According to the terms and conditions on its own website, Comcast’s new 2Gbps service will cost you $300 a month with a mandatory two-year contract. A $159/month price will be available in certain markets in the midwest, provided customers sign a three-year contract. Customers will need to live within 1/3 of a mile of a Comcast fiber network deployment and will be charged a $500 installation fee along with a $500 service activation fee. Google Fiber, in contrast, offers a typically waived $300 service fee if you sign a one-year contract and $70 per month.
Gigabit Pro
Comcast’s Gigabit Pro service markets
Add it all up, and a 2Gbps Comcast subscriber will pay $4600 the first year and $3600 per year thereafter (assuming the rate stays down). There are no bundled cable options available. In Provo, Kansas, the Google Fiber provider offers service at $70 per month ($840 per year) or $1440 per month if you purchase a combined cable + Internet plan. That’s… well, let’s be honest. That’s pretty terrible. At $3600 per year as compared to $860 per year, you’re paying 4.28x as much for 2x the performance.

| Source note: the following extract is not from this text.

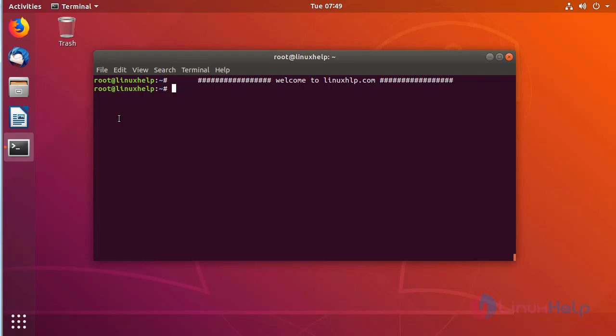In this tutorial we will cover the installation procedure of JRiver Media Center on Ubuntu 18.04. First of all, we have to download the JRiver Media Center Debian package by using wget command.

While it’s always true that someone, somewhere is willing to pay for more speed, it’s hard to believe that many PC customers have needs that could plausibly stress a 2Gbps connection. There’ve been times, typically around review dates, that I’d kill to have full gigabit access, but as Comcast’s “PC requirements” page notes, you need 10Gig ports and a high-end switch just to hook up to the service, at least if you intend to share the 2Gbps love around your house. Conventional consumer networking equipment literally isn’t designed to reach the kinds of speeds that Comcast is offering here. The difference between 1Gbps and 2Gbps is the difference between 125MB/s and 250MB/s worth of bandwidth, which means you’d best have an SSD if you intend to download and not be held back by the write performance of your hard drive.

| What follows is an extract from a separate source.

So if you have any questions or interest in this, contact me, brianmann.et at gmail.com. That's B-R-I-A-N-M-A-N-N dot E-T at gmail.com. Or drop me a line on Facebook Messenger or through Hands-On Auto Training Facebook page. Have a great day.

It’s good to see the existing ISPs working to offer some degree of competition to Google’s gigabit fiber, but it’s hard not to view this as a giant cash grab. Precious few consumers are going to pony up the equivalent price of a cheap used car to download torrents or web pages at double the ludicrous speed that gigabit fiber already offers, and Comcast has priced the capability to make certain that even the handful of customers who satisfy the requirements won’t be able to afford the service.
There’s no word yet on whether Comcast intends to offer a lower-cost version of the service with lower service tiers and a more reasonable price tag.